_GOAL OF THE EXERCISE_:
Make an exact copy of the records, with the pictures left out.

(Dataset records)
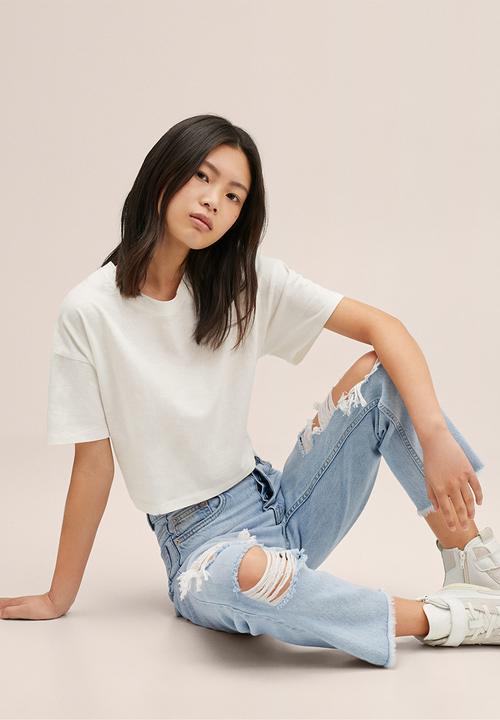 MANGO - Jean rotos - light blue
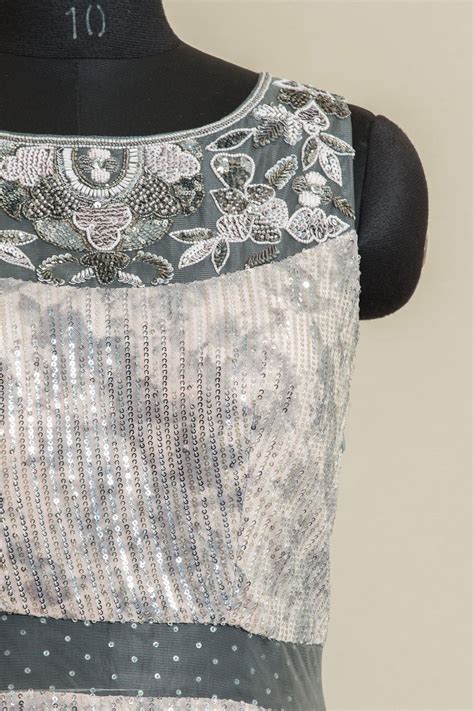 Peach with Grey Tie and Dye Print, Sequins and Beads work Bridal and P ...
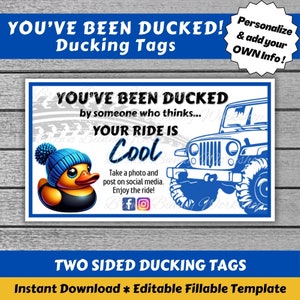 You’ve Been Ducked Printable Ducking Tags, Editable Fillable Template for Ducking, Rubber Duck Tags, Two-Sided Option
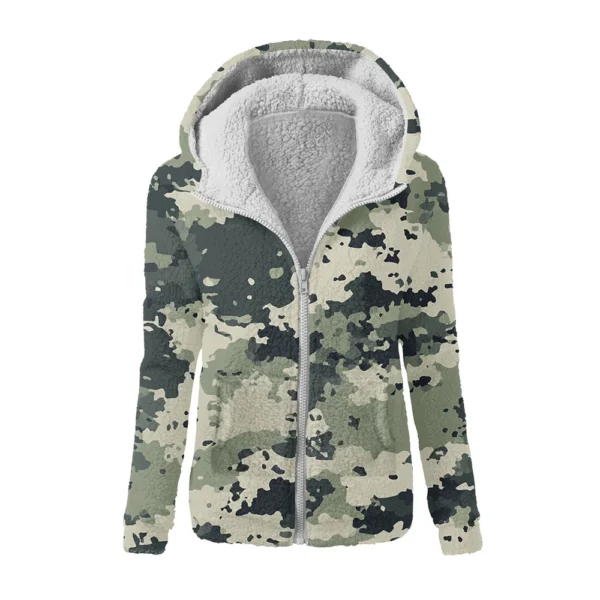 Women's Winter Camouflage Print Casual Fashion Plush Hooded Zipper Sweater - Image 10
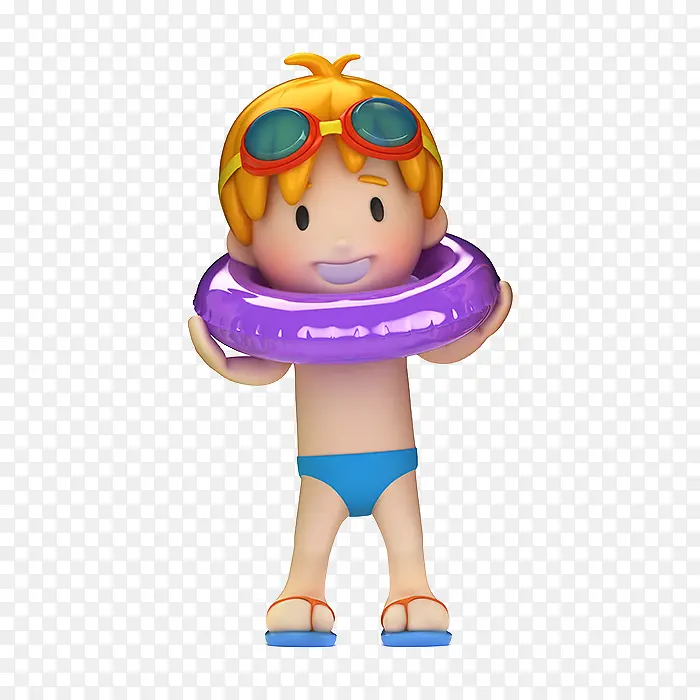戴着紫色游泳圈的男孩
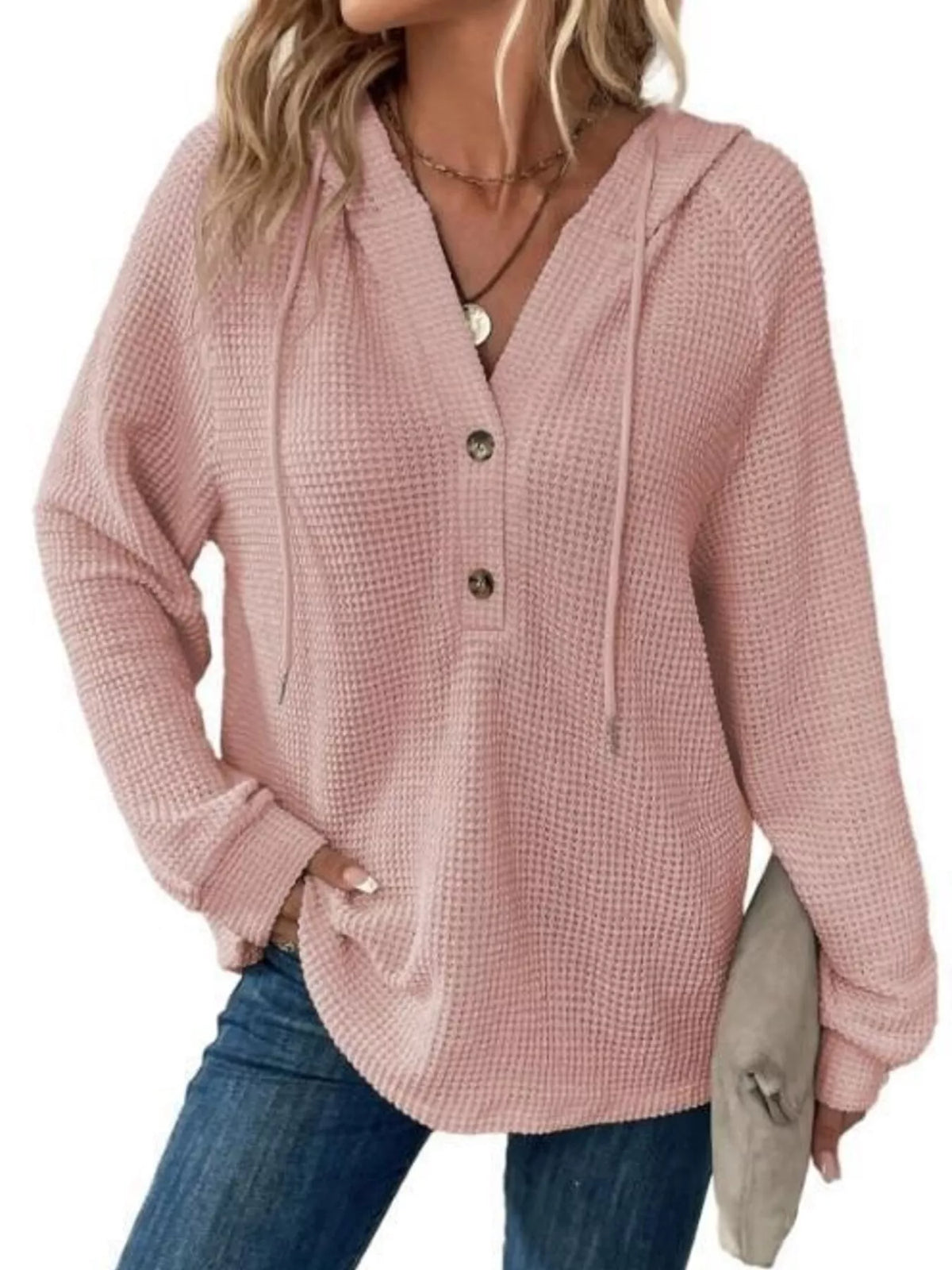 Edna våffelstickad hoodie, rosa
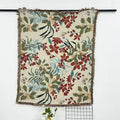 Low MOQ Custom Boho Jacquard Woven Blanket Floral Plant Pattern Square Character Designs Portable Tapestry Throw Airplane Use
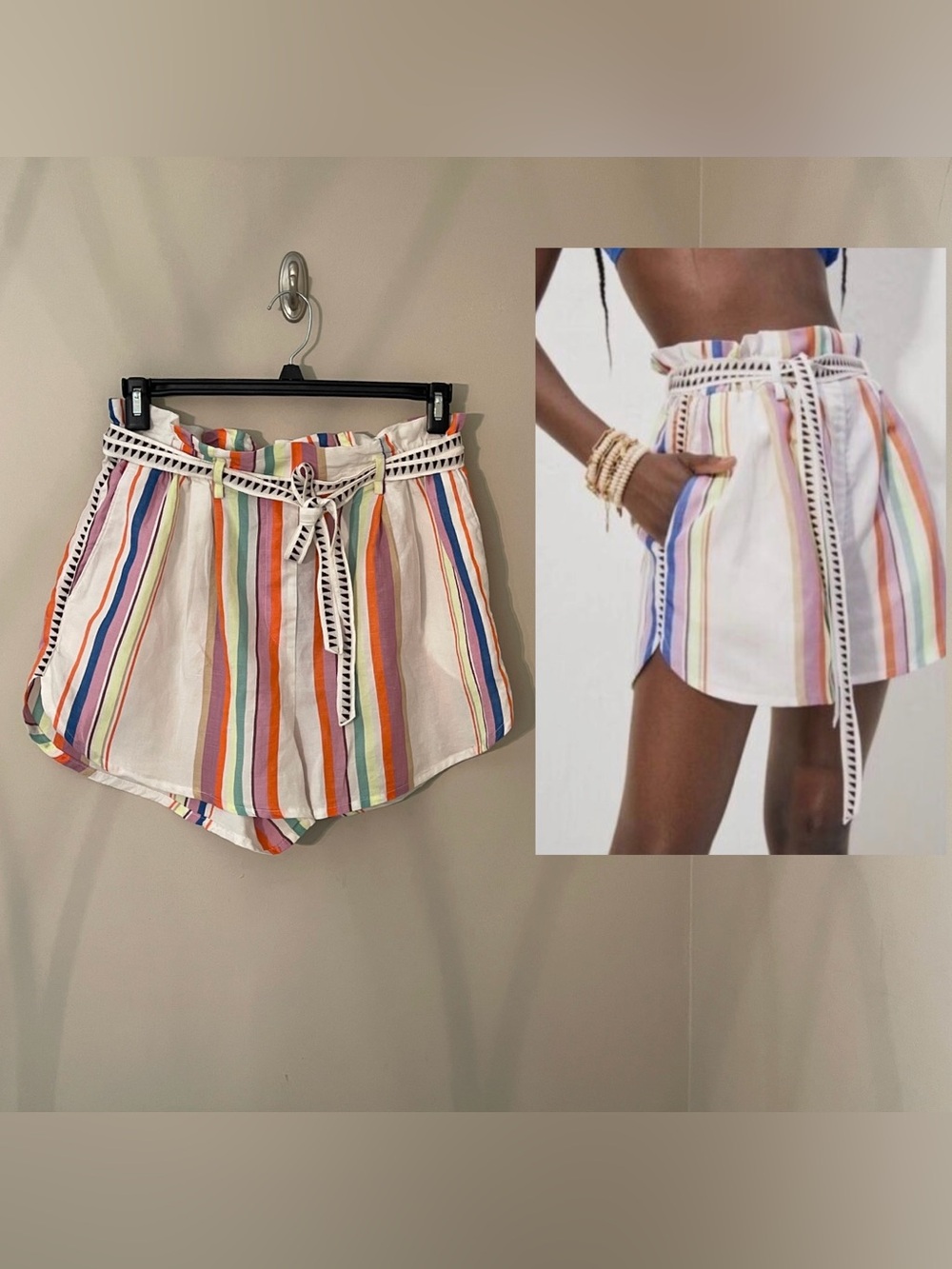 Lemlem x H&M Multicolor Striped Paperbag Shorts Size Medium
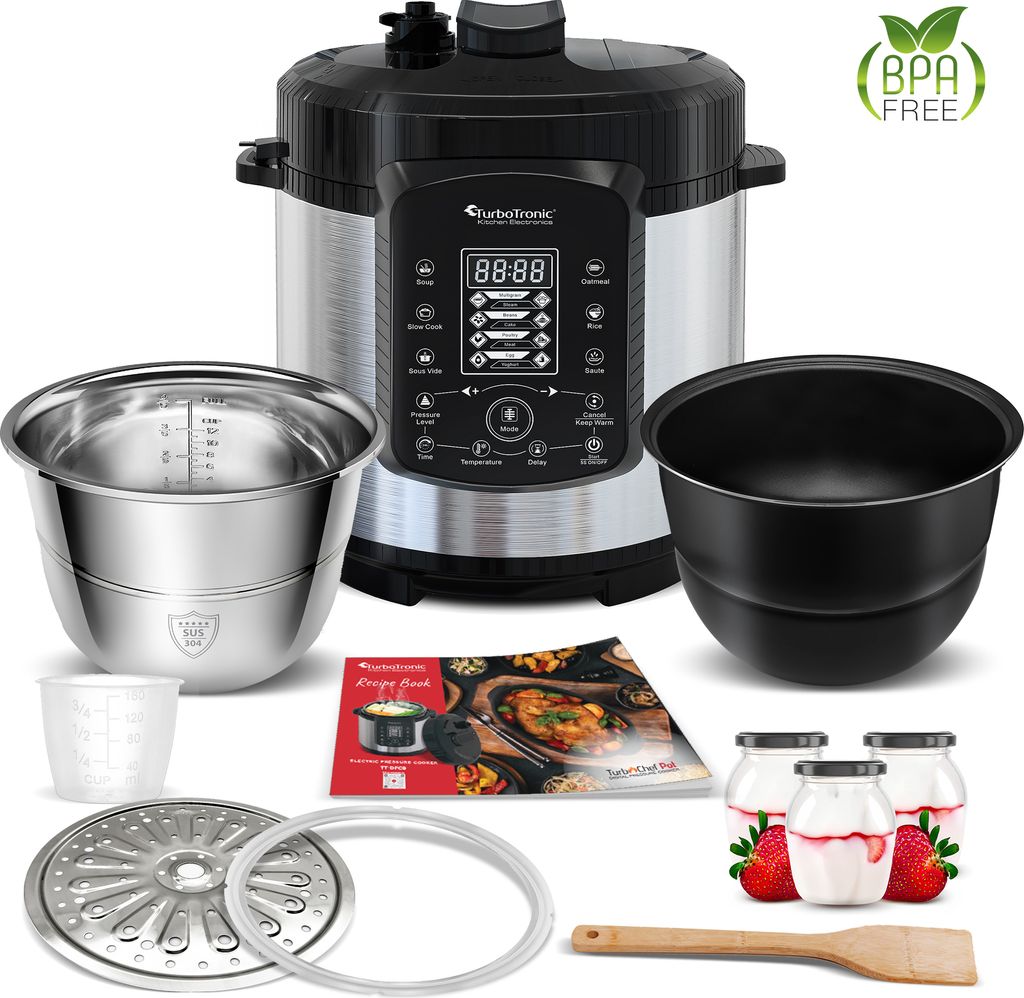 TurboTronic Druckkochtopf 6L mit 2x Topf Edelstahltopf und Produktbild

_TASK SOLUTION_:
 MANGO - Jean rotos - light blue
 Peach with Grey Tie and Dye Print, Sequins and Beads work Bridal and P ...
 You’ve Been Ducked Printable Ducking Tags, Editable Fillable Template for Ducking, Rubber Duck Tags, Two-Sided Option
 Women's Winter Camouflage Print Casual Fashion Plush Hooded Zipper Sweater - Image 10
戴着紫色游泳圈的男孩
 Edna våffelstickad hoodie, rosa
 Low MOQ Custom Boho Jacquard Woven Blanket Floral Plant Pattern Square Character Designs Portable Tapestry Throw Airplane Use
 Lemlem x H&M Multicolor Striped Paperbag Shorts Size Medium
 TurboTronic Druckkochtopf 6L mit 2x Topf Edelstahltopf und Produktbild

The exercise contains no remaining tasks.